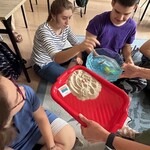 Uczennica wrzuca gumową rozgwiazdę do miski z wodą.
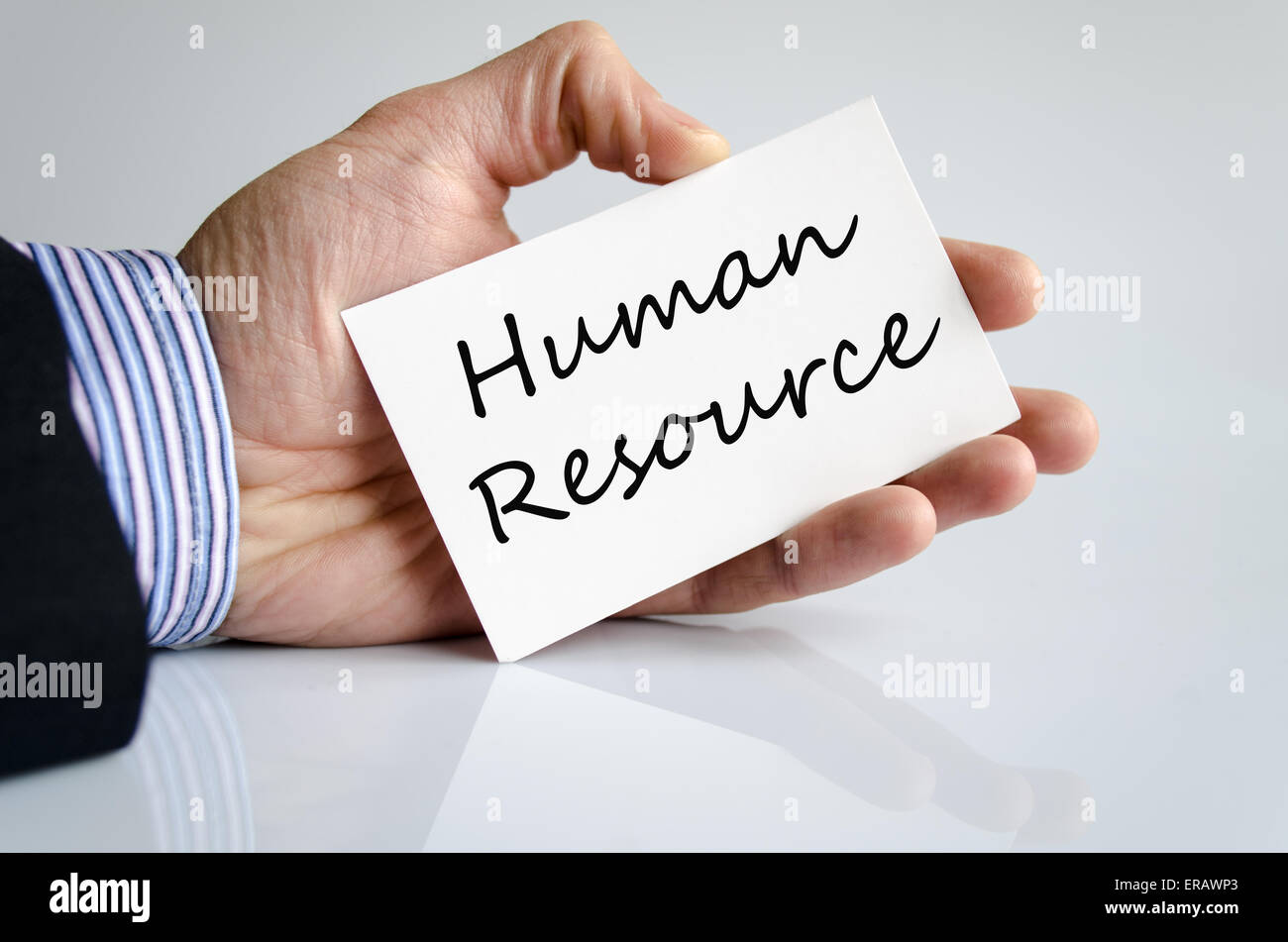 Business man hand writing Human resource Stock Photo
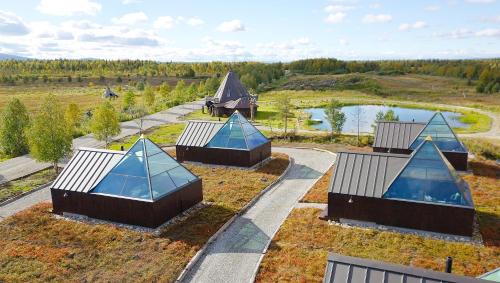 an overhead view of a building with blue roofs and a lake at Aurora Pyramid Glass Igloos in Köngäs
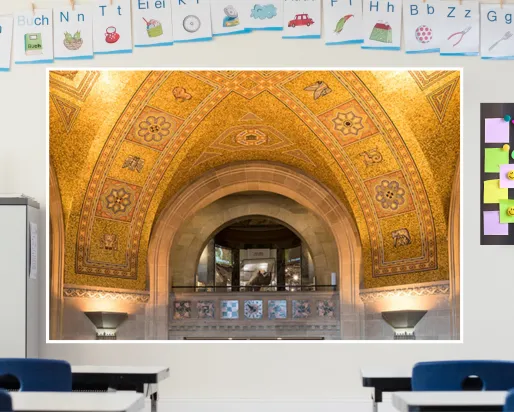 A screen in a classroom displays an image of a golden mosaic ceiling surrounding an arched balcony, through which a rhino in a case can be seen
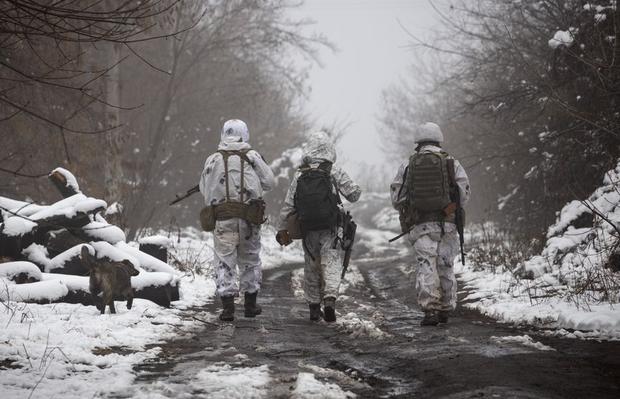 Ukrainian soldiers walk in the line of separation of pro-Russian rebels near Katerinivka in the Donetsk region of Ukraine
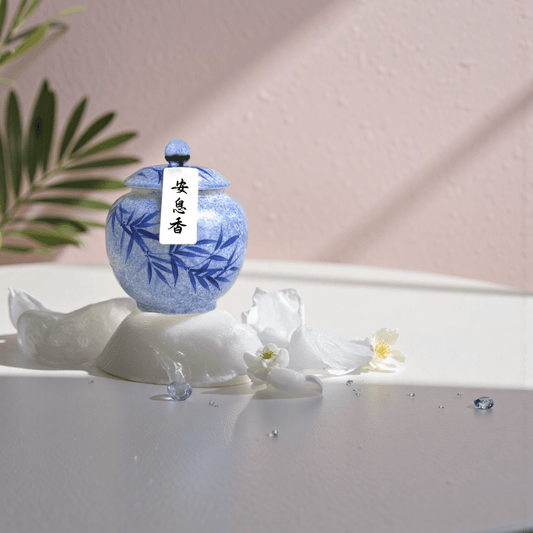 Anxi handcrafted natural incense powder in a blue ceramic jar, formulated to support restful sleep and calming rituals.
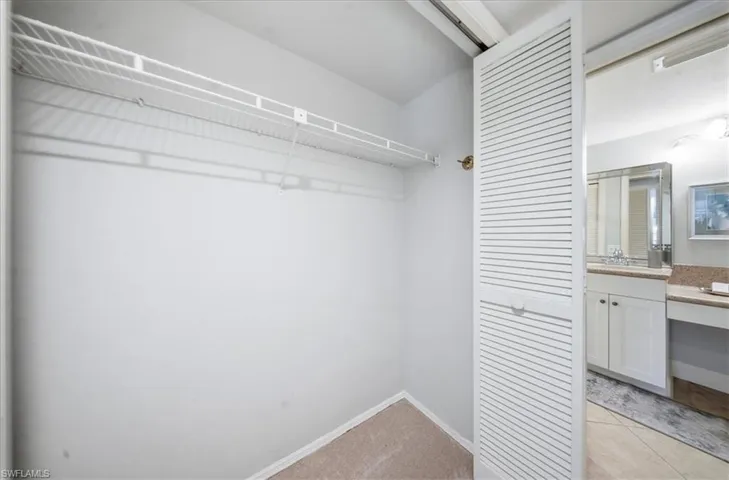 Spacious closet featuring light carpet and light tile patterned flooring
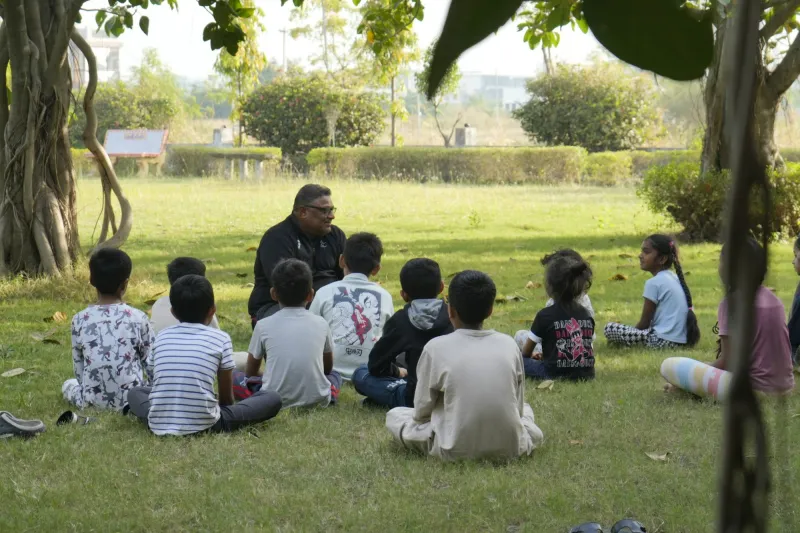 Children listening to a storyteller under the trees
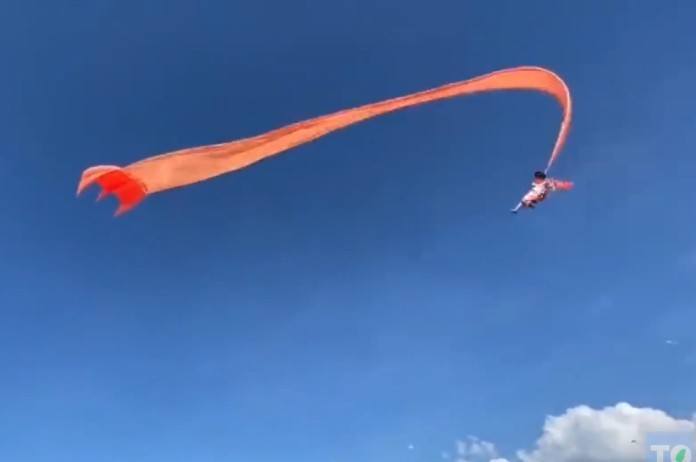 IJzingwekkende beelden: peuter raakt verstrikt in vlieger en wordt meegesleurd door windvlaag (video)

## EXERCISE PROMPT
Return the records above exactly, without the pictures.

## THE COMPLETED TASK
 Uczennica wrzuca gumową rozgwiazdę do miski z wodą.
 Business man hand writing Human resource Stock Photo
 an overhead view of a building with blue roofs and a lake at Aurora Pyramid Glass Igloos in Köngäs
 A screen in a classroom displays an image of a golden mosaic ceiling surrounding an arched balcony, through which a rhino in a case can be seen
 Ukrainian soldiers walk in the line of separation of pro-Russian rebels near Katerinivka in the Donetsk region of Ukraine
 Anxi handcrafted natural incense powder in a blue ceramic jar, formulated to support restful sleep and calming rituals.
 Spacious closet featuring light carpet and light tile patterned flooring
 Children listening to a storyteller under the trees
 IJzingwekkende beelden: peuter raakt verstrikt in vlieger en wordt meegesleurd door windvlaag (video)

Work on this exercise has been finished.